### [PROBLEM DESCRIPTION]
Output all of the data below without changing a word, and exclude the pictures.

[[ DATA EXCERPT, beginning ]]

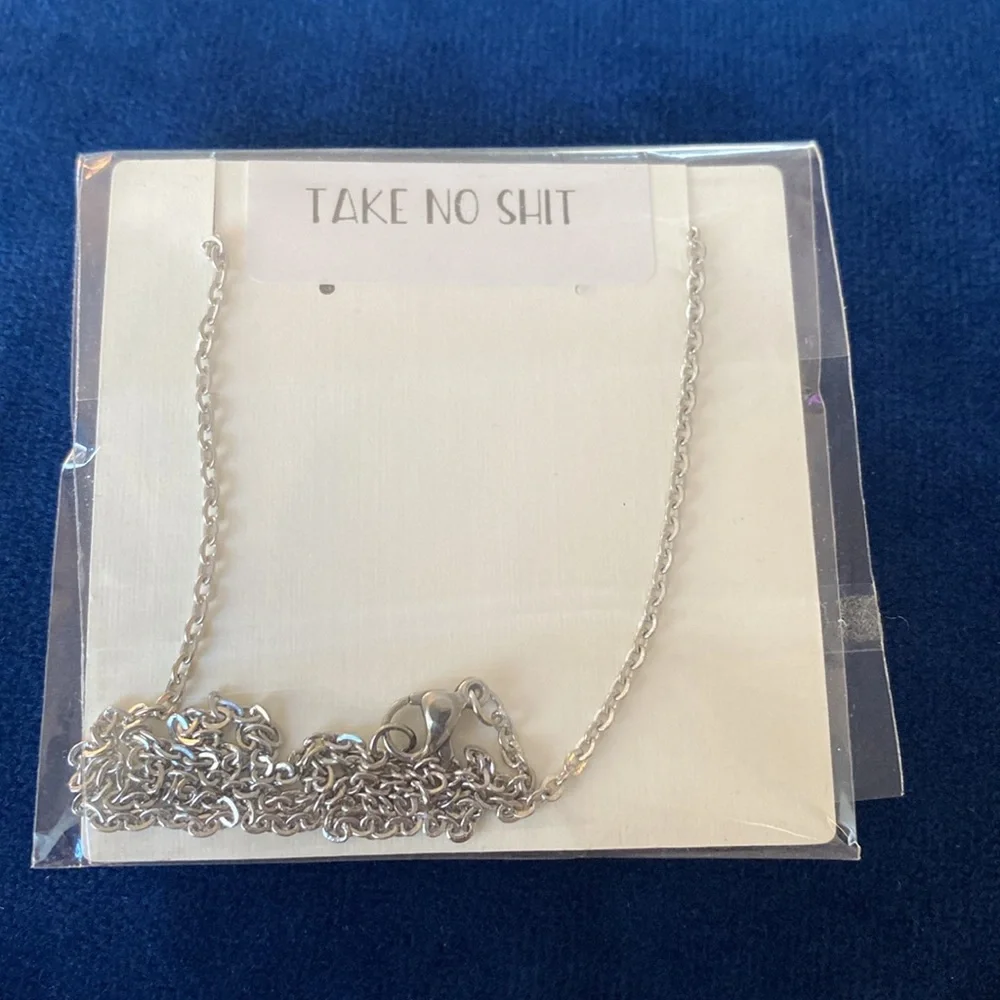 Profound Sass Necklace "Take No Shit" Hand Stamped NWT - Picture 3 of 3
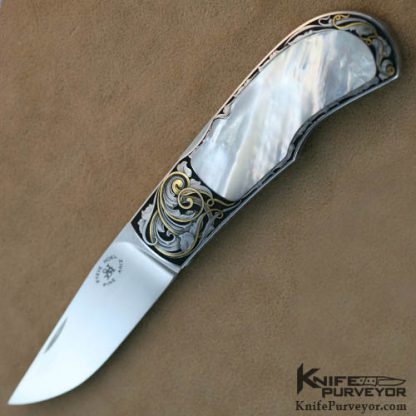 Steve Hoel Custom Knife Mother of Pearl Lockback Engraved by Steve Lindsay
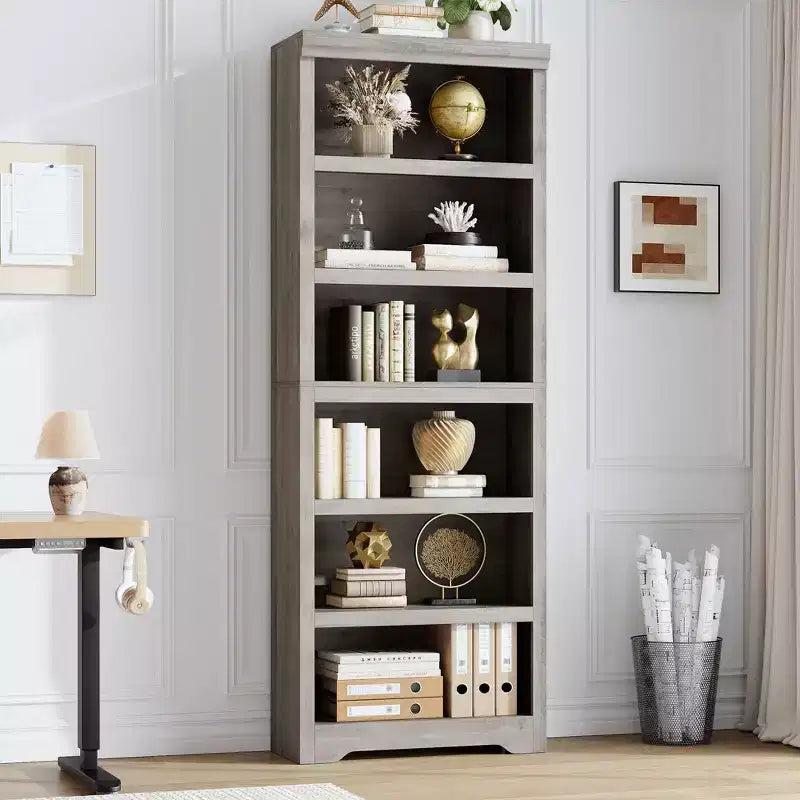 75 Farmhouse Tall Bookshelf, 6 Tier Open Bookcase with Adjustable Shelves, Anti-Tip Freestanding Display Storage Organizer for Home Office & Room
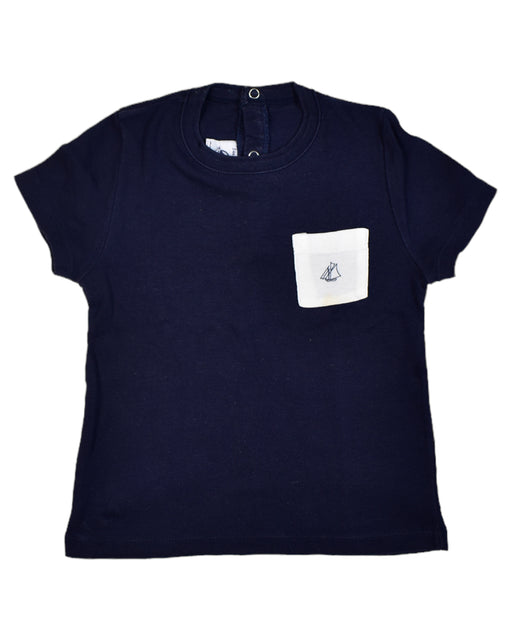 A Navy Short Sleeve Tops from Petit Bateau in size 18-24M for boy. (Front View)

[[ DATA EXCERPT, end ]]

### [ANSWER AREA]
 Profound Sass Necklace "Take No Shit" Hand Stamped NWT - Picture 3 of 3
 Steve Hoel Custom Knife Mother of Pearl Lockback Engraved by Steve Lindsay
 75 Farmhouse Tall Bookshelf, 6 Tier Open Bookcase with Adjustable Shelves, Anti-Tip Freestanding Display Storage Organizer for Home Office & Room
 A Navy Short Sleeve Tops from Petit Bateau in size 18-24M for boy. (Front View)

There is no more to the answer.